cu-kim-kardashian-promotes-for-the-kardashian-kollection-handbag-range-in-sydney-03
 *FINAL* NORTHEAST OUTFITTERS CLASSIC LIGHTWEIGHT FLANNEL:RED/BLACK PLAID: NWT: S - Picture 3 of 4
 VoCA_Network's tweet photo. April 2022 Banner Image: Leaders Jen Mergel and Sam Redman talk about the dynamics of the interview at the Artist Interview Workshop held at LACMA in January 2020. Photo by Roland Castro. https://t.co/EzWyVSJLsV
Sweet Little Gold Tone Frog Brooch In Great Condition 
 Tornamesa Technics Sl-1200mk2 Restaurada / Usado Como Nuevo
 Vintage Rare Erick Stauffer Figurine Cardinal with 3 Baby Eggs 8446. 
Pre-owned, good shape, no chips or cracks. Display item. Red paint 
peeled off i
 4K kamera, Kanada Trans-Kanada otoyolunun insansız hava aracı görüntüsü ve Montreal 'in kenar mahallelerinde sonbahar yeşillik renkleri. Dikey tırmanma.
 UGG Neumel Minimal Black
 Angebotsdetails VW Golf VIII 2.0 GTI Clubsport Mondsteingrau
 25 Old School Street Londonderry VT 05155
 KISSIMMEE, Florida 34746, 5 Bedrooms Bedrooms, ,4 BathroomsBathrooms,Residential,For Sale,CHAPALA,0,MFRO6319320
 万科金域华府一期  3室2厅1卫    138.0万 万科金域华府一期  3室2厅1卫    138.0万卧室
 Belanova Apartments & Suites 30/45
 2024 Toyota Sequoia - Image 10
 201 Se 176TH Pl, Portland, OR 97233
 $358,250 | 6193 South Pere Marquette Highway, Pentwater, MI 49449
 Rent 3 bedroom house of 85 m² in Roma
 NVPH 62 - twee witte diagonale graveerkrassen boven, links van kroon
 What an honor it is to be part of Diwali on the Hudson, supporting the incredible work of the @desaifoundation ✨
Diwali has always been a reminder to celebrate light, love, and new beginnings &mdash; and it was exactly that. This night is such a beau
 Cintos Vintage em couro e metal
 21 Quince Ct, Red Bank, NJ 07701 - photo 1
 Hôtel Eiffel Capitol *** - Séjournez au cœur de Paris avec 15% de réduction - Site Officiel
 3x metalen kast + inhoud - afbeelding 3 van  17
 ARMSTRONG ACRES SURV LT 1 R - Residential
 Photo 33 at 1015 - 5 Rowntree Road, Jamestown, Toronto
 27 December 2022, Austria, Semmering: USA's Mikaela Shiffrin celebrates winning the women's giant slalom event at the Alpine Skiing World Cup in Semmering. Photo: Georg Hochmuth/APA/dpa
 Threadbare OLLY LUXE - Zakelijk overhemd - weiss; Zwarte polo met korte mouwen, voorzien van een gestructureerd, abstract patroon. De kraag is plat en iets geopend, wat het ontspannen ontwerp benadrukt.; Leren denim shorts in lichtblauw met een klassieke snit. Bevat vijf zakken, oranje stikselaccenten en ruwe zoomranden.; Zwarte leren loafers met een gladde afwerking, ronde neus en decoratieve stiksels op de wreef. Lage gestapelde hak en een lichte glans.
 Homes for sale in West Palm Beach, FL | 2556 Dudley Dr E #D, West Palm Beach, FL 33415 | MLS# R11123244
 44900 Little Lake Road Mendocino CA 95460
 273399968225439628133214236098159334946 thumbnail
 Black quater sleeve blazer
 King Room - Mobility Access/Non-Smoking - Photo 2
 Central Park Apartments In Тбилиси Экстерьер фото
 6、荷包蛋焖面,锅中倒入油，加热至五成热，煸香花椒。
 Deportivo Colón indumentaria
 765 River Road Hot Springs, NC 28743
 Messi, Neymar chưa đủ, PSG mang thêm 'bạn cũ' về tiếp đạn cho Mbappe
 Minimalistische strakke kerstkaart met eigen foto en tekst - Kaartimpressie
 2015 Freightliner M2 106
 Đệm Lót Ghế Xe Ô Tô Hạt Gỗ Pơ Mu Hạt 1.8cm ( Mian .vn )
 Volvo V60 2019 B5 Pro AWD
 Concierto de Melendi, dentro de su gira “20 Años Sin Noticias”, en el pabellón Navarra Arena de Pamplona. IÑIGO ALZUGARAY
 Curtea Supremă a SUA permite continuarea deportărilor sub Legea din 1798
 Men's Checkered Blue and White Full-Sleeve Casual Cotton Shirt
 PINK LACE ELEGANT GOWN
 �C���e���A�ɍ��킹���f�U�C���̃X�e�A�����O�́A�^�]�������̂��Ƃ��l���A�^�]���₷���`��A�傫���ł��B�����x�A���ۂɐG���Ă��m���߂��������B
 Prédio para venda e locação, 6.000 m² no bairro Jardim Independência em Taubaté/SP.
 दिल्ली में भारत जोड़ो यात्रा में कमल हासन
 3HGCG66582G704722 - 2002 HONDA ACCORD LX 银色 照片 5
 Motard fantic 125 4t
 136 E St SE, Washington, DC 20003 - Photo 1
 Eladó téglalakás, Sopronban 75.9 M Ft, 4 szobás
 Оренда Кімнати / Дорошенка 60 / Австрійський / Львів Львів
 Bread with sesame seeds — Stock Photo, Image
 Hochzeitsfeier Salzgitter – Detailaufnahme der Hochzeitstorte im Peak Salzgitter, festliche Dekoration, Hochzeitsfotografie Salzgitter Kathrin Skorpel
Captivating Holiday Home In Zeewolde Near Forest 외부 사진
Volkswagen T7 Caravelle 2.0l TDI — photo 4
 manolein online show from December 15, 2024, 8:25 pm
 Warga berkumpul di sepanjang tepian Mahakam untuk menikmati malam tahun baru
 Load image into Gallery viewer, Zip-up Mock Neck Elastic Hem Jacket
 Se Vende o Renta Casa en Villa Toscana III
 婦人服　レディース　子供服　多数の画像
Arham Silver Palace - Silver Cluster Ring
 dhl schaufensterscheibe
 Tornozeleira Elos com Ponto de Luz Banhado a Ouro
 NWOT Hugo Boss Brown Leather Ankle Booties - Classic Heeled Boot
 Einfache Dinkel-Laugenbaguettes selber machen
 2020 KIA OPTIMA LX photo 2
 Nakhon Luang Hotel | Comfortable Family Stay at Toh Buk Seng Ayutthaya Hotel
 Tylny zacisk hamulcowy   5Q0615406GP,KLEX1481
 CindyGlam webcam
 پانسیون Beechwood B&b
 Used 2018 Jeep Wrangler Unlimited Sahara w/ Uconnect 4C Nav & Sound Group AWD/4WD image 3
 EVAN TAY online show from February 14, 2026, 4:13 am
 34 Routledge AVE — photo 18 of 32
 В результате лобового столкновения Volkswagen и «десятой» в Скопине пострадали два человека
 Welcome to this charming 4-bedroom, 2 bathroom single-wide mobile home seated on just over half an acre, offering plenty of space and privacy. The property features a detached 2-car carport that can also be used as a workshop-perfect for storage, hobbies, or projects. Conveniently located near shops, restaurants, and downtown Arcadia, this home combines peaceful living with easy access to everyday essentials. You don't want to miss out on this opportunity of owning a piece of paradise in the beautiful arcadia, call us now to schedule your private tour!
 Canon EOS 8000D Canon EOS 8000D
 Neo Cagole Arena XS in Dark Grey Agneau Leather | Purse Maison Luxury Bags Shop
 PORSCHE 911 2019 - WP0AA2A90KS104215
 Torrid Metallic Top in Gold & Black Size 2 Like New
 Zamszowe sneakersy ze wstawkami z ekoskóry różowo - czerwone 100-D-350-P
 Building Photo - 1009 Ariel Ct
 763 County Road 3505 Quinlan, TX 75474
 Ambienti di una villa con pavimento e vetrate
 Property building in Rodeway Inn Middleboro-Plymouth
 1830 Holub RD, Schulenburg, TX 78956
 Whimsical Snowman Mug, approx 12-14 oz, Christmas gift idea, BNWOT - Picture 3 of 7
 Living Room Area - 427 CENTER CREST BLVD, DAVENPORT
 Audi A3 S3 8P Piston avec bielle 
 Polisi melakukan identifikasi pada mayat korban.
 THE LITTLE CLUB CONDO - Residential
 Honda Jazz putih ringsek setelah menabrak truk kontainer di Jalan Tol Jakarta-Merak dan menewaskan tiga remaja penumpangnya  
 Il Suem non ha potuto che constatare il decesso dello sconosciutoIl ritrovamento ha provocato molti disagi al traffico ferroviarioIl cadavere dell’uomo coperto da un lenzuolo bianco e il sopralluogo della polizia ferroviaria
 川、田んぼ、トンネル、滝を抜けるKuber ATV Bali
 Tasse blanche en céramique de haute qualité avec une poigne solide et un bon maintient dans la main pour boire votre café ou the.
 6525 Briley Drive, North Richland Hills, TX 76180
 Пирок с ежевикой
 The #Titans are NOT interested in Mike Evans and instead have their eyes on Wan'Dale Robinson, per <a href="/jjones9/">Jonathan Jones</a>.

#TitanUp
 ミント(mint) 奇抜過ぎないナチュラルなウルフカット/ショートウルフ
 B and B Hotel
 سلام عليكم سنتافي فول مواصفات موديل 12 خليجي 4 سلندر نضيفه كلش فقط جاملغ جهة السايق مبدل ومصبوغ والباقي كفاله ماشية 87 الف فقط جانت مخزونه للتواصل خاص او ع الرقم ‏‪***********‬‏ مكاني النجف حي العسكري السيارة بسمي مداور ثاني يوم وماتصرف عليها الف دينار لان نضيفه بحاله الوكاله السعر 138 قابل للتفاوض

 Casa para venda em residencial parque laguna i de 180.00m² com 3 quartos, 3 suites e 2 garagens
-*-*-
▶ [TASK] What you return must be an exact retyping of the lines above starting at the line with "6、荷包蛋焖面,锅中倒入油，加热至五成热，煸香花椒。" and ending at the line with "Volvo V60 2019 B5 Pro AWD", and nothing besides.

▶ [OUTPUT FOR THIS EXERCISE]
 6、荷包蛋焖面,锅中倒入油，加热至五成热，煸香花椒。
 Deportivo Colón indumentaria
 765 River Road Hot Springs, NC 28743
 Messi, Neymar chưa đủ, PSG mang thêm 'bạn cũ' về tiếp đạn cho Mbappe
 Minimalistische strakke kerstkaart met eigen foto en tekst - Kaartimpressie
 2015 Freightliner M2 106
 Đệm Lót Ghế Xe Ô Tô Hạt Gỗ Pơ Mu Hạt 1.8cm ( Mian .vn )
 Volvo V60 2019 B5 Pro AWD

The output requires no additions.